## Task to complete
A verbatim copy of the data below is the required output.

## Collection entries
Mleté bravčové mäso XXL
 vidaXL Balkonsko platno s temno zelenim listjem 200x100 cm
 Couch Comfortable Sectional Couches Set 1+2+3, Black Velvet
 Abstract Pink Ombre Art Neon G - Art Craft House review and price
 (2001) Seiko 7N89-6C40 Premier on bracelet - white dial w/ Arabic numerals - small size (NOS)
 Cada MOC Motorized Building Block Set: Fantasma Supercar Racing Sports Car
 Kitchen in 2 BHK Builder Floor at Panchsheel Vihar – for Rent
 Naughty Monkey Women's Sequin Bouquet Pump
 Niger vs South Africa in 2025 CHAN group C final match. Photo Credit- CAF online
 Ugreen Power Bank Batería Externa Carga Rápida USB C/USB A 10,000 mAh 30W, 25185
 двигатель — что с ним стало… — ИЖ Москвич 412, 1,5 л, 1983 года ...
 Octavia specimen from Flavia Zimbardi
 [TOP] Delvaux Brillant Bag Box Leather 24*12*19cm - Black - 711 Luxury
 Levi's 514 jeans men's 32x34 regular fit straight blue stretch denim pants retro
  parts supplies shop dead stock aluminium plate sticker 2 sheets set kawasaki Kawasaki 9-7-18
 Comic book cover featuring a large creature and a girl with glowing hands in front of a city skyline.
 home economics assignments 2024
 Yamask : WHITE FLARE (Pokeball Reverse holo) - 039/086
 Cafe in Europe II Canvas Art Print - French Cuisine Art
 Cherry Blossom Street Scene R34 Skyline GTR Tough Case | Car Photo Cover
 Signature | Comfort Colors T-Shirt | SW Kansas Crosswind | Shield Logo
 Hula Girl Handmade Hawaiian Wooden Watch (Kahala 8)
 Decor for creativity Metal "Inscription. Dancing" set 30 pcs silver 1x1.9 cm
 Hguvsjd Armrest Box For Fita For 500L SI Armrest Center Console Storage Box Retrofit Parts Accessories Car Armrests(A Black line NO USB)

## Reply to the task
Mleté bravčové mäso XXL
 vidaXL Balkonsko platno s temno zelenim listjem 200x100 cm
 Couch Comfortable Sectional Couches Set 1+2+3, Black Velvet
 Abstract Pink Ombre Art Neon G - Art Craft House review and price
 (2001) Seiko 7N89-6C40 Premier on bracelet - white dial w/ Arabic numerals - small size (NOS)
 Cada MOC Motorized Building Block Set: Fantasma Supercar Racing Sports Car
 Kitchen in 2 BHK Builder Floor at Panchsheel Vihar – for Rent
 Naughty Monkey Women's Sequin Bouquet Pump
 Niger vs South Africa in 2025 CHAN group C final match. Photo Credit- CAF online
 Ugreen Power Bank Batería Externa Carga Rápida USB C/USB A 10,000 mAh 30W, 25185
 двигатель — что с ним стало… — ИЖ Москвич 412, 1,5 л, 1983 года ...
 Octavia specimen from Flavia Zimbardi
 [TOP] Delvaux Brillant Bag Box Leather 24*12*19cm - Black - 711 Luxury
 Levi's 514 jeans men's 32x34 regular fit straight blue stretch denim pants retro
  parts supplies shop dead stock aluminium plate sticker 2 sheets set kawasaki Kawasaki 9-7-18
 Comic book cover featuring a large creature and a girl with glowing hands in front of a city skyline.
 home economics assignments 2024
 Yamask : WHITE FLARE (Pokeball Reverse holo) - 039/086
 Cafe in Europe II Canvas Art Print - French Cuisine Art
 Cherry Blossom Street Scene R34 Skyline GTR Tough Case | Car Photo Cover
 Signature | Comfort Colors T-Shirt | SW Kansas Crosswind | Shield Logo
 Hula Girl Handmade Hawaiian Wooden Watch (Kahala 8)
 Decor for creativity Metal "Inscription. Dancing" set 30 pcs silver 1x1.9 cm
 Hguvsjd Armrest Box For Fita For 500L SI Armrest Center Console Storage Box Retrofit Parts Accessories Car Armrests(A Black line NO USB)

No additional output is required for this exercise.